Task directions: Set down word for word each line from the one containing "Cayenne Turbo E-Hybrid SportDesign PCCB PDCC" through the end of the records, both included. Do not copy any pictures.

-- Records supplied follows --

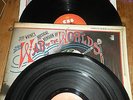 ORIGINAL PRESSING JEFF WAYNE s War of the worlds double vinyl album with insert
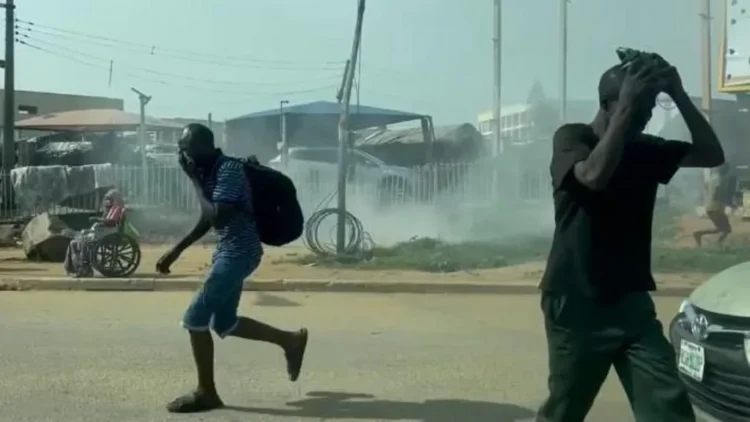 الشرطة النيجيرية تقمع بالغاز المسيل احتجاجًا على اعتقال زعيم انفصالي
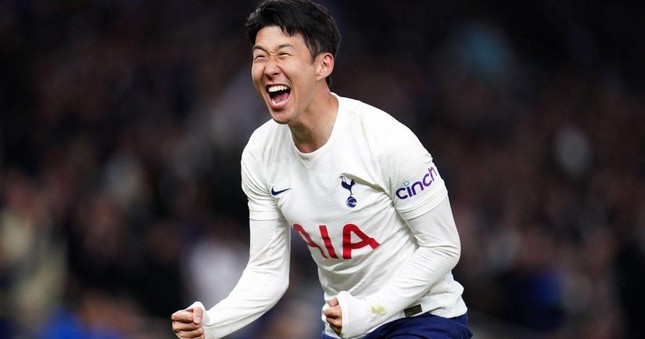 Son Heung-min làm rạng danh châu Á ở lễ trao giải Quả bóng vàng 2022 - Ảnh 1.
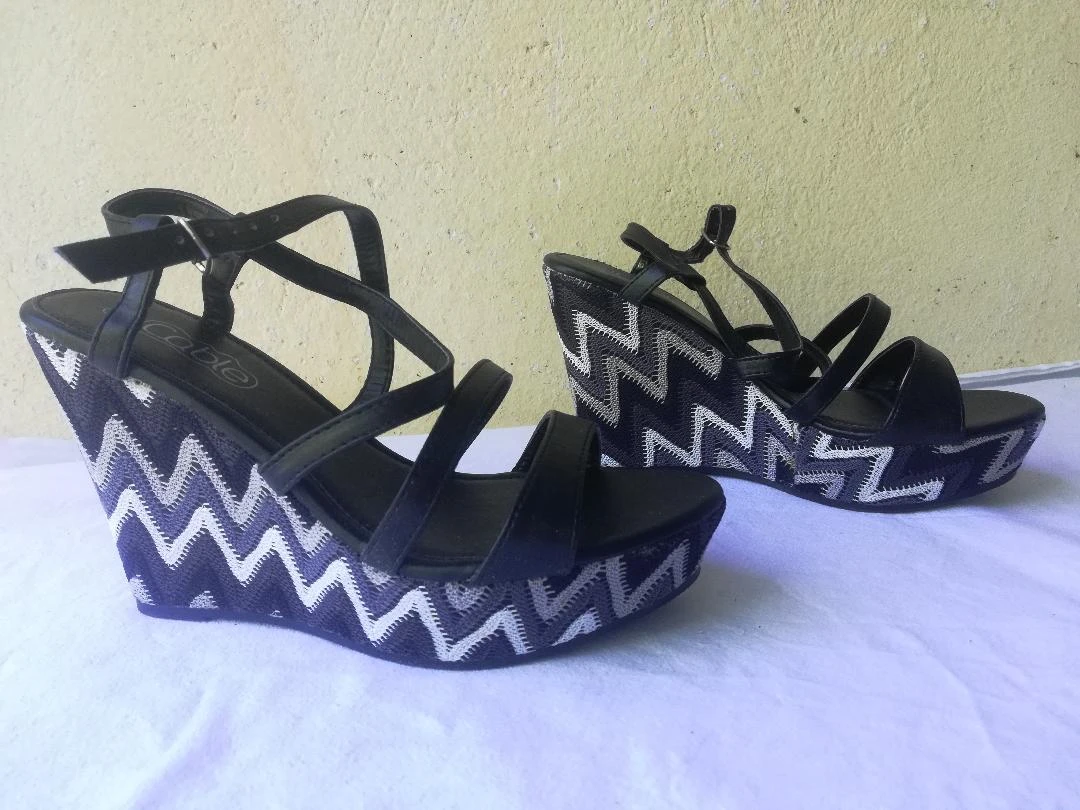 Sandalias negras de tacón compensado bicolor negro/gris talla 38-nuevas (defecto) – photo 15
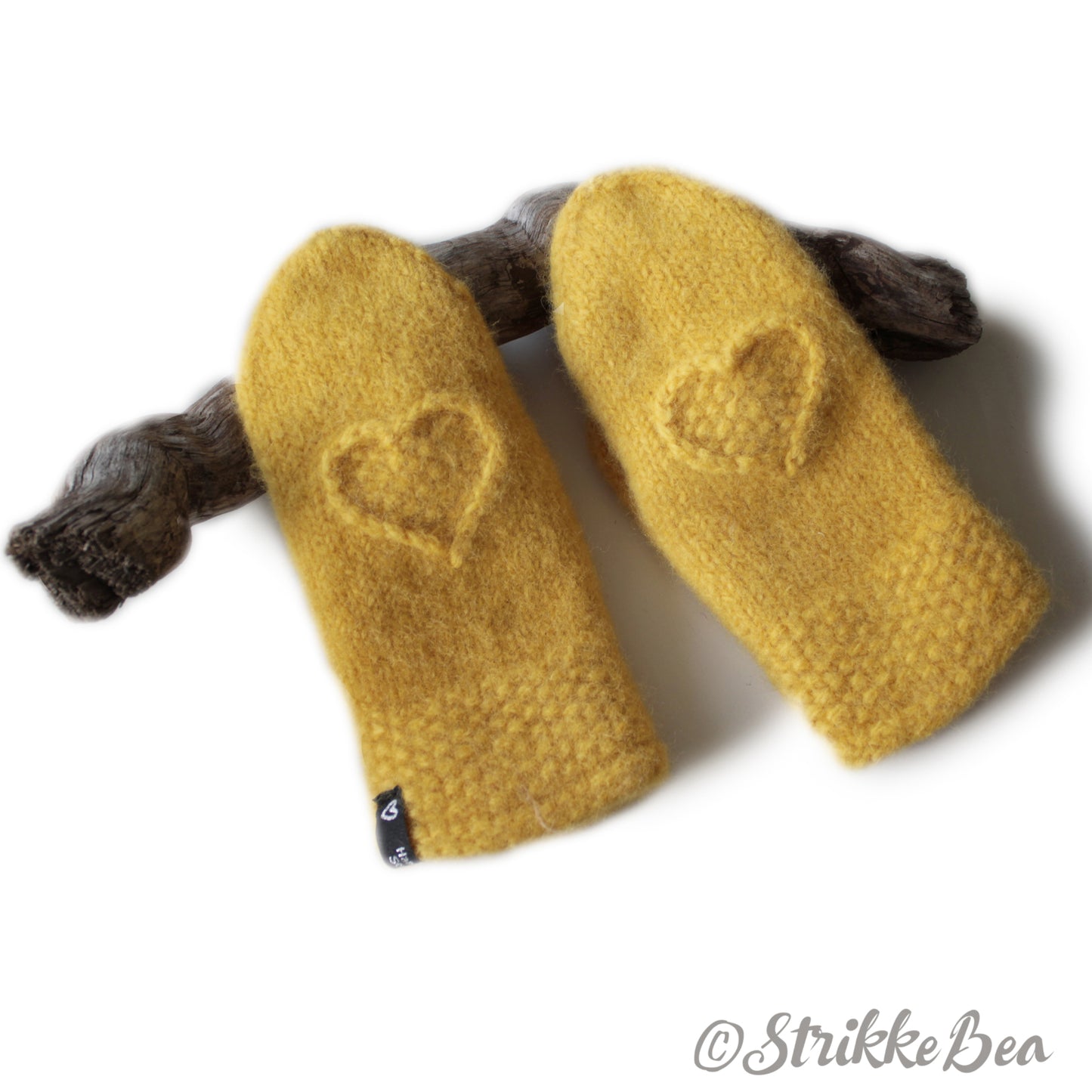 Heartfelt Mittens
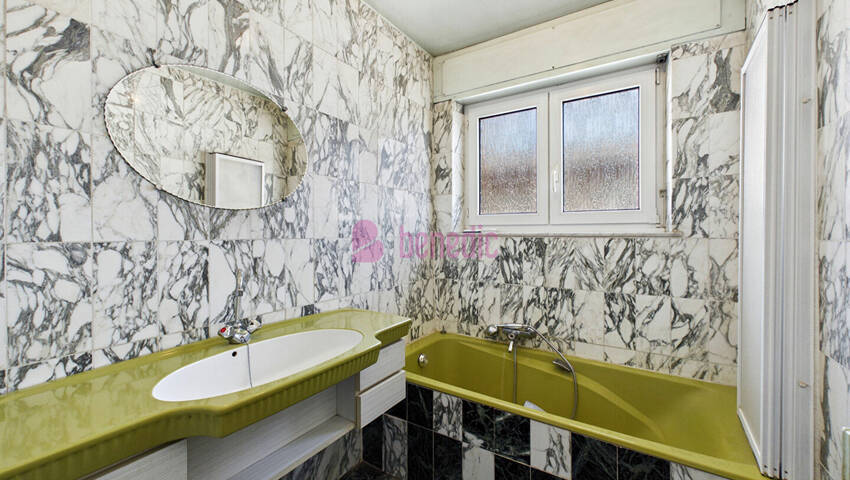 60295668f - Attribut alt par défaut.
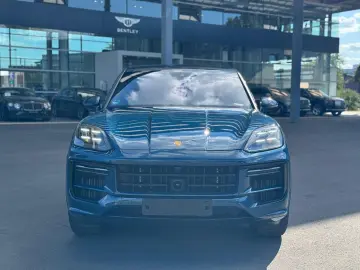 Cayenne Turbo E-Hybrid SportDesign PCCB PDCC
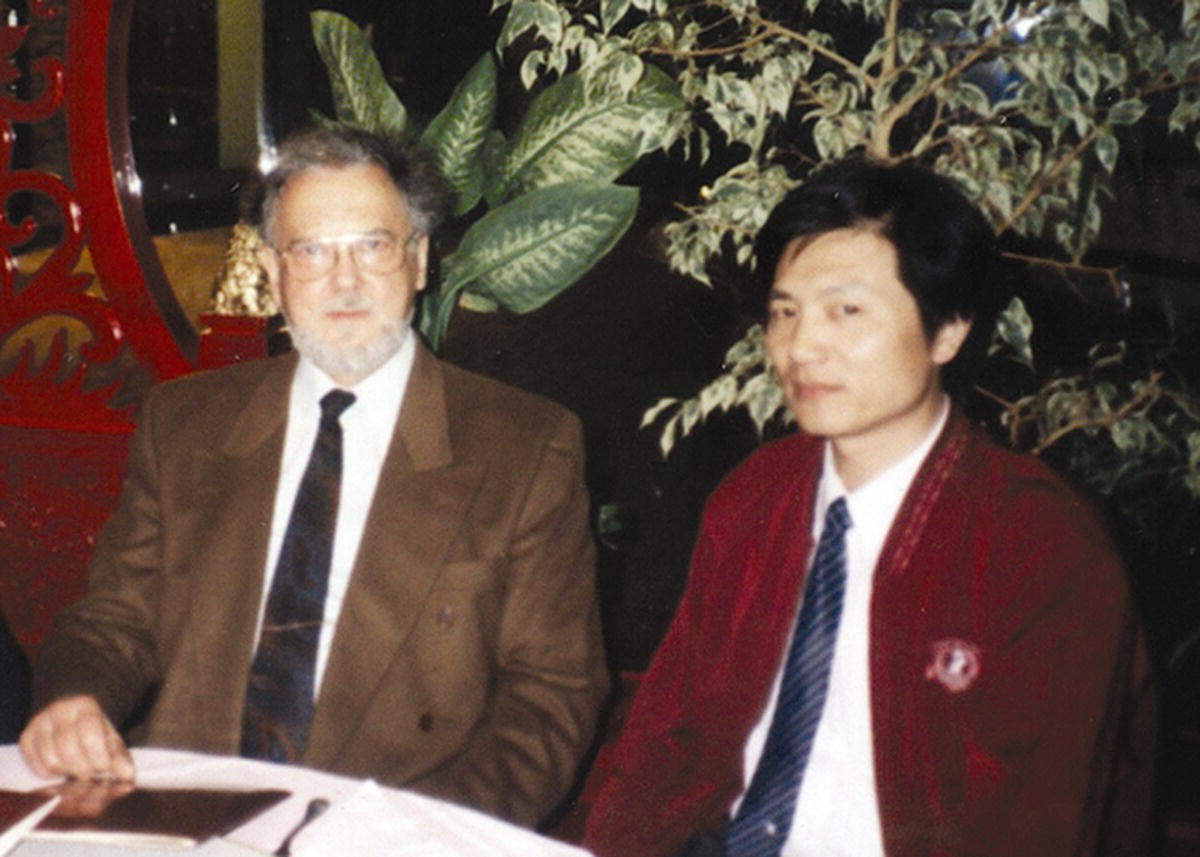 Photo of Professor Xiaoting Rui (right) sitting beside Professor Erwin Stein (left).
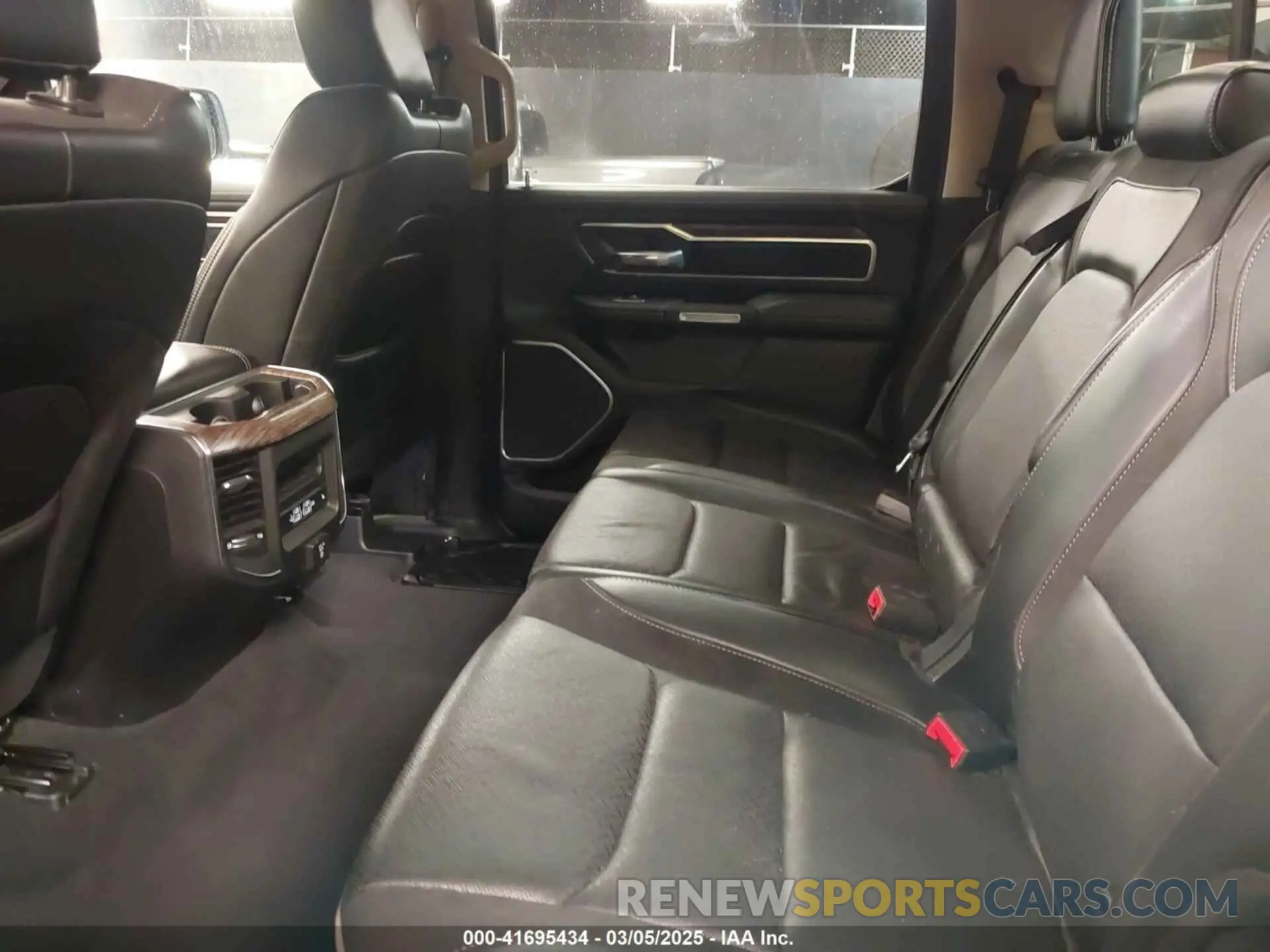 8 Photograph of a damaged car 1C6SRFJT3KN553829 RAM 1500 2019
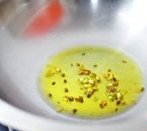 香茅椒盐虾,大概炸至葱变成焦黄色,就可以关火,取出葱油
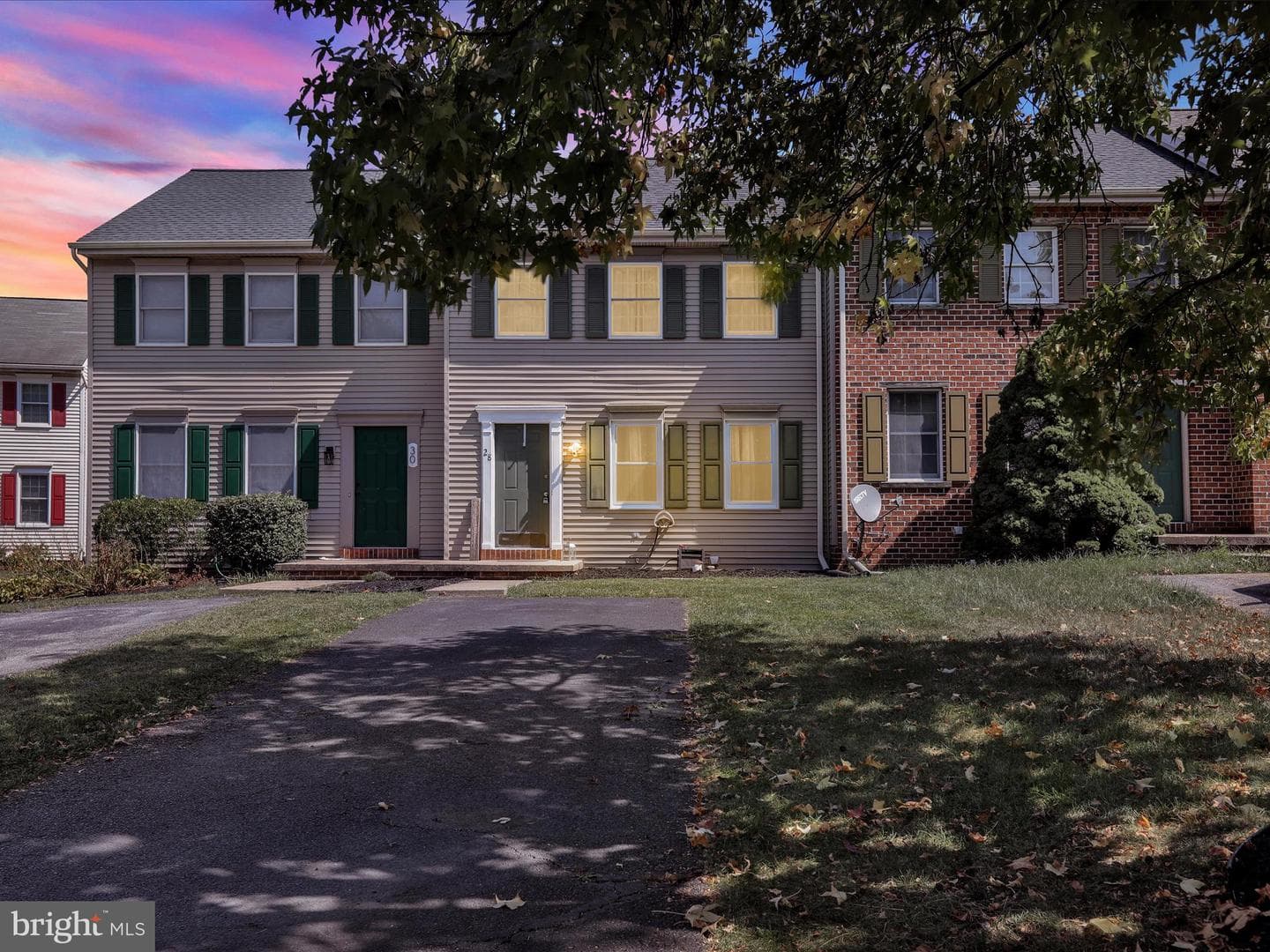 28 Cranfield Court photo 1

-- Records supplied concluded --

Answer space:
 Cayenne Turbo E-Hybrid SportDesign PCCB PDCC
 Photo of Professor Xiaoting Rui (right) sitting beside Professor Erwin Stein (left).
 8 Photograph of a damaged car 1C6SRFJT3KN553829 RAM 1500 2019
 香茅椒盐虾,大概炸至葱变成焦黄色,就可以关火,取出葱油
 28 Cranfield Court photo 1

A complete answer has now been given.